A exceção neste caso ficaria por conta apenas das Câmaras Municipais. Ou seja, seria mantido o mesmo critério da legislatura anterior estabelecer os vencimentos os parlamentares que estiverem na legislatura seguinte. Esses parlamentares, pondera Anastasia, têm os subsídios definidos por suas respectivas Câmara Municipais.

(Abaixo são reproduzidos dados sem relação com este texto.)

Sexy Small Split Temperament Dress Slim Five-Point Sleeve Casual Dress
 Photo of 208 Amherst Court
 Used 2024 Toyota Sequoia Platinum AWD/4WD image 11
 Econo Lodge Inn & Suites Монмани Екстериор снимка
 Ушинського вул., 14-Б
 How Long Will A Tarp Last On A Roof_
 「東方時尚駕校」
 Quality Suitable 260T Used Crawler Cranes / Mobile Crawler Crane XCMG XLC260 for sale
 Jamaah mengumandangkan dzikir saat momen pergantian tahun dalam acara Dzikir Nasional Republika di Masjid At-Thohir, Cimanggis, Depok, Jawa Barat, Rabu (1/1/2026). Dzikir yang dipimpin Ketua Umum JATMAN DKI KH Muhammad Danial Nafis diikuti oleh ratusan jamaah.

Em Uberaba, por exemplo, a Câmara manteve em R$12,2 mil os vencimentos dos vereadores.
Críticas. Os críticos da iniciativa do tucano mineiro dizem que o próprio Anastasia liberou reajustes e gratificações nessas condições, que, entre 2015 e 2019, irão gerar gastos de R$2,5 bilhões. De acordo com o jornal O Tempo, entre 2011 e 2014 foram aprovados 14 projetos de lei ou decretos autorizando reajustes ou gratificações para categorias diversas, como as polícias e funcionários da educação básica, da Secretaria da Fazenda, da Unimontes, entre outras pastas e órgãos, segundo um levantamento da Secretaria de Estado de Planejamento e Gestão (Seplag).
Impacto gerado na folha desde 2015, primeiro ano do governo Fernando Pimentel (PT), até 2019, quando já se terá encerrado o mandato do petista, alcança R$ 2,5 bilhões.
Na justificativa do texto Anastasia diz que tem sido comum o envio de projetos ao Congresso Nacional, pela Presidência da República, prevendo aumentos de remuneração de servidores “ao longo de vários exercícios financeiros”. No projeto, o senador defende que tais atos já são discutíveis “quando promovidos durante o mandato do governante que os propõe, na medida em que concedem direitos exigíveis no futuro” sem que se tenha segurança de receitas futuras.
A matéria prevê a proibição de reajustes para gestões futuras não só no âmbito da União, mas também para os Três Poderes do Estado e dos municípios.